# Painted Rod. Finish?



## FishNC13 (Nov 21, 2010)

I just painted my OM surf blank and Im pondering what finish to use or even if I should use a finish. I used the fusion paint for plastics (turned out looking very good.). I was told by one guy on another forum that I didnt need to use a finish but I wanted to get some more opinions. I was concidering spray polyurathane like mudhole sells (Minwax). I want something that is not going to yellow in the sunlight (or at least last a long time before it yellows).


----------



## Tacpayne (Dec 20, 2008)

You dont have to finish it, if you put the finish mentioned on it, it will yellow badly.


----------



## FishNC13 (Nov 21, 2010)

Tacpayne said:


> You dont have to finish it, if you put the finish mentioned on it, it will yellow badly.

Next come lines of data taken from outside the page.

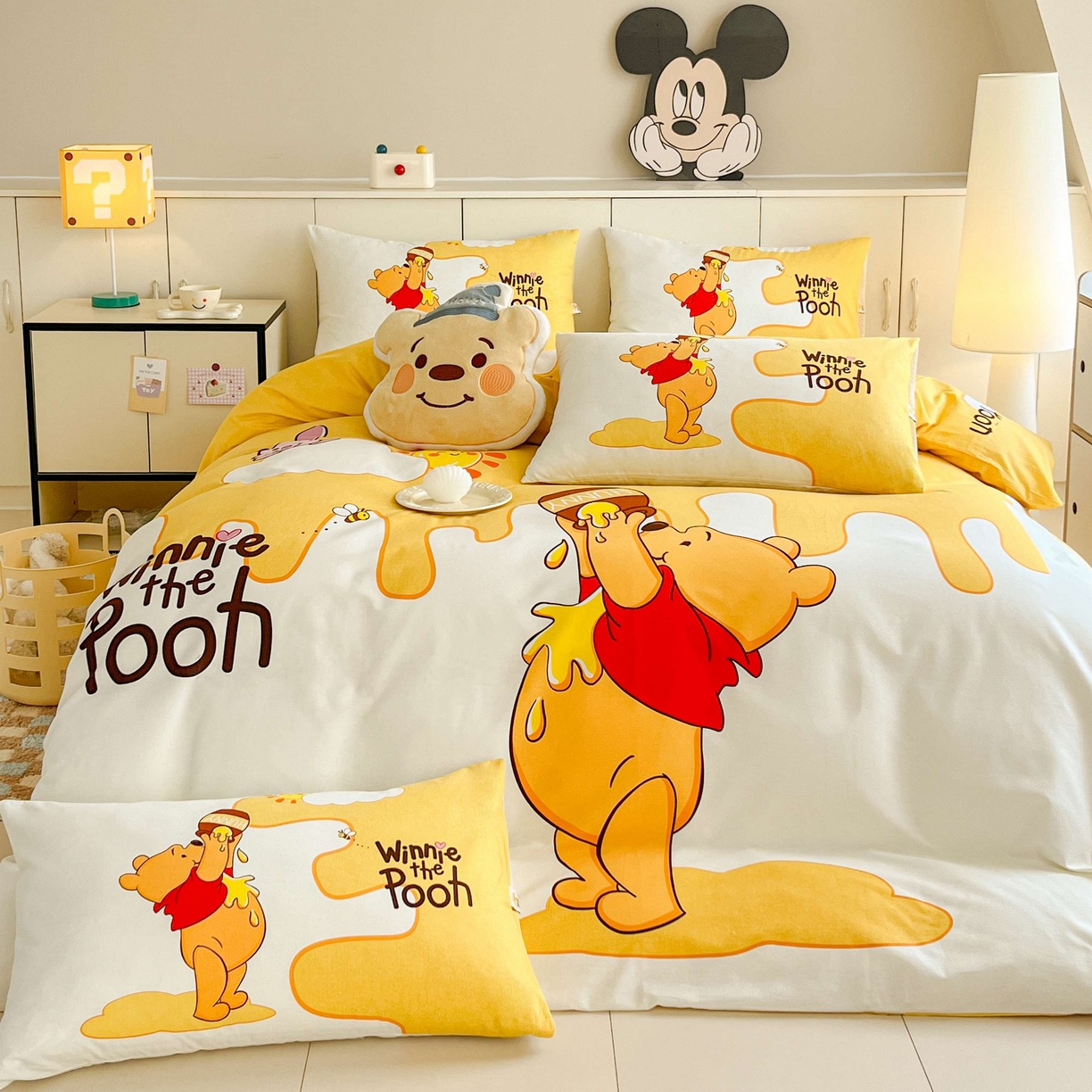 91家纺网 家纺一手货源 找家纺 玉元坊 2025年5月新品 大版卡通全棉纯棉床单床笠加厚四件套 熊熊的爱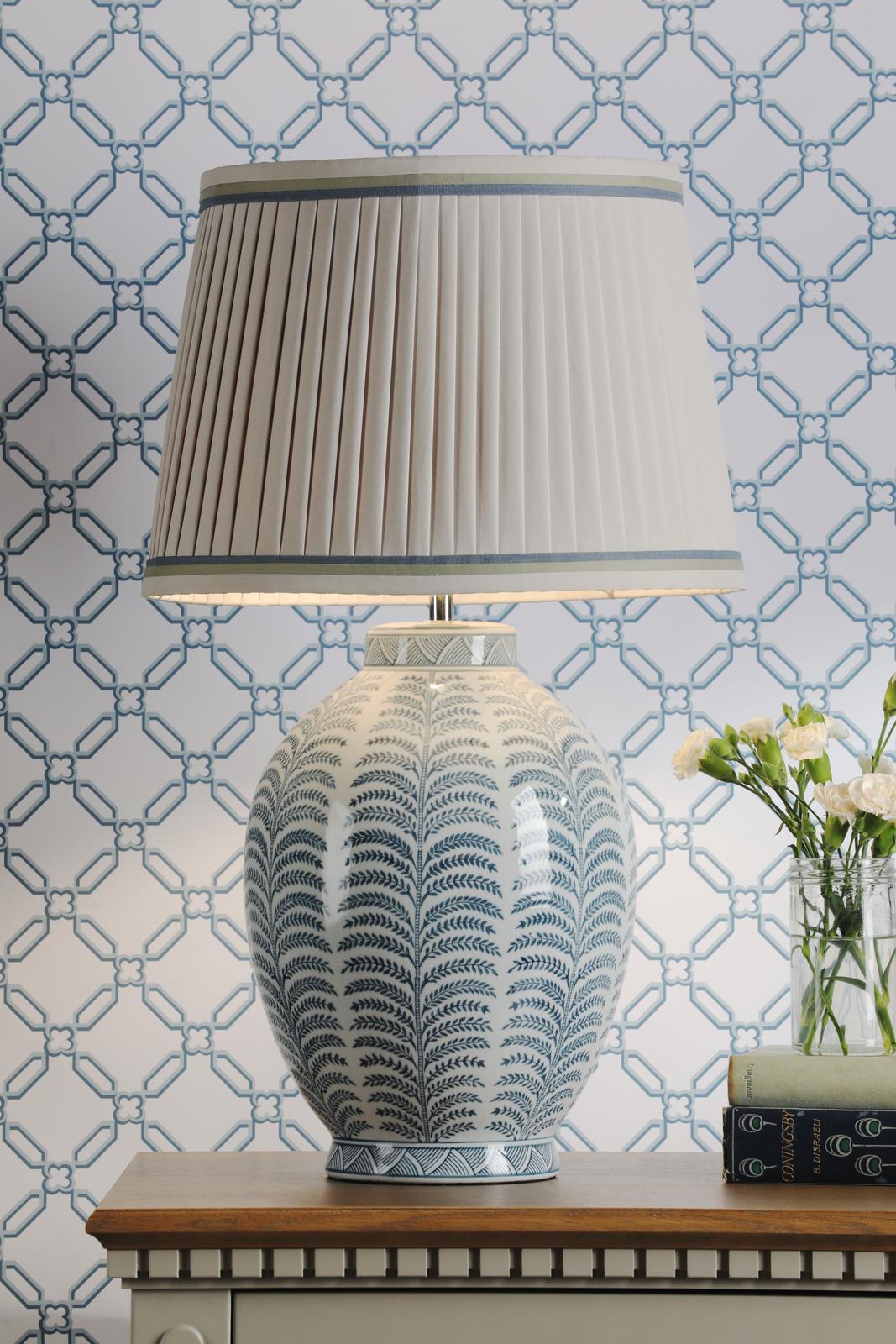 Laura Ashley Stannard Table Lamp Blue Ceramic With Shade
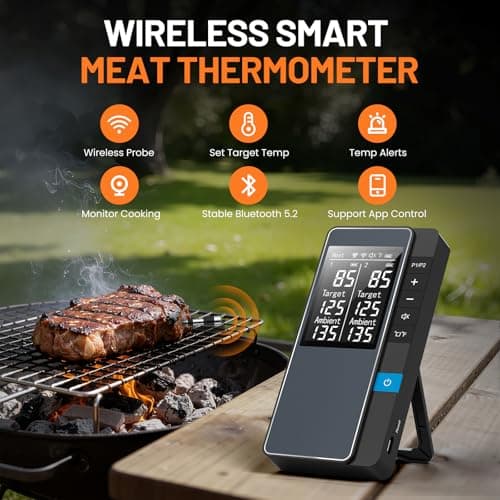 Smart Bluetooth Wireless Meat Thermometer, Real-Time Monitoring Control Digital Thermometer with Smart App, 2 Meat Probes IP67 Waterproof High Accuracy Perfect for BBQ, Oven, Grill & Smoker - Thumbnail 2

Thats what I thought about the Minwax type stuff. 

What about permagloss? or possibly automotive clearcoat?

I dont want to have to worry about the paint chipping or getting damaged when I lay the rod down. Iv never used this paint before and dont know how durible it is.


----------



## redfishnc (Sep 12, 2008)

*painting rods*

I have an old white Fenglass 964 that I built in the early '80s and have removed the guides and a little of the finish in places. My rebuild plan includes lighter guides and I wanted to paint but was unsure. If you left it painted couldn't you touch up paint if needed? I was thinking of spraying polyurethene but am open to other ideas.


----------



## Fishinbuddy (Mar 11, 2009)

I painted a rod with Fusion and let it sit in my garage for several months during the summer when it was hot. I attempted to put lumiseal over the paint and it did take some of the paint off. I would think that permagloss would do the same. I am not sure about the minwax poly. I have some but haven't tried it on a rod. 

I would test whatever you try on a old/scrap blank first. Good Luck.


----------



## jlentz (Sep 11, 2005)

I have used Permagloss on painted blanks. It provides a very durable high gloss finish. I normally let the paint dry for week or so before appling the Permagloss. The Permagloss is easily applied with a small foam brush. Two coats of Permagloss is usually enough. If you take your time it will come out perfect looking just like a high gloss factory blank. 

John


----------



## FishNC13 (Nov 21, 2010)

thanks for the responses guys!

I was told that the permagloss would attack the paint by a couple of people. 

JlentZ, what type of paint did you use?


----------



## jlentz (Sep 11, 2005)

I have used Permagloss over Dupli-color chameleon paints and a paint similiar to the Fusion but made by Rustoleum(Specialty Paint for Plastic). I chose this over the Fusion because they not only listed the paint for use on plastic but also on fiberglass. Like I said in my previous post I let the paint dry for what may seem a long time before coating with Permagloss. I would let the paint dry for a minimum of 5-7 days maybe longer depending on the ambient temperature. 

John


----------



## sunburntspike (Oct 4, 2010)

i have had great sucess with flex coat "lite" when refinishing,i let the paint dry over night and apply athin coat the next day,let dry again overnight and start building


----------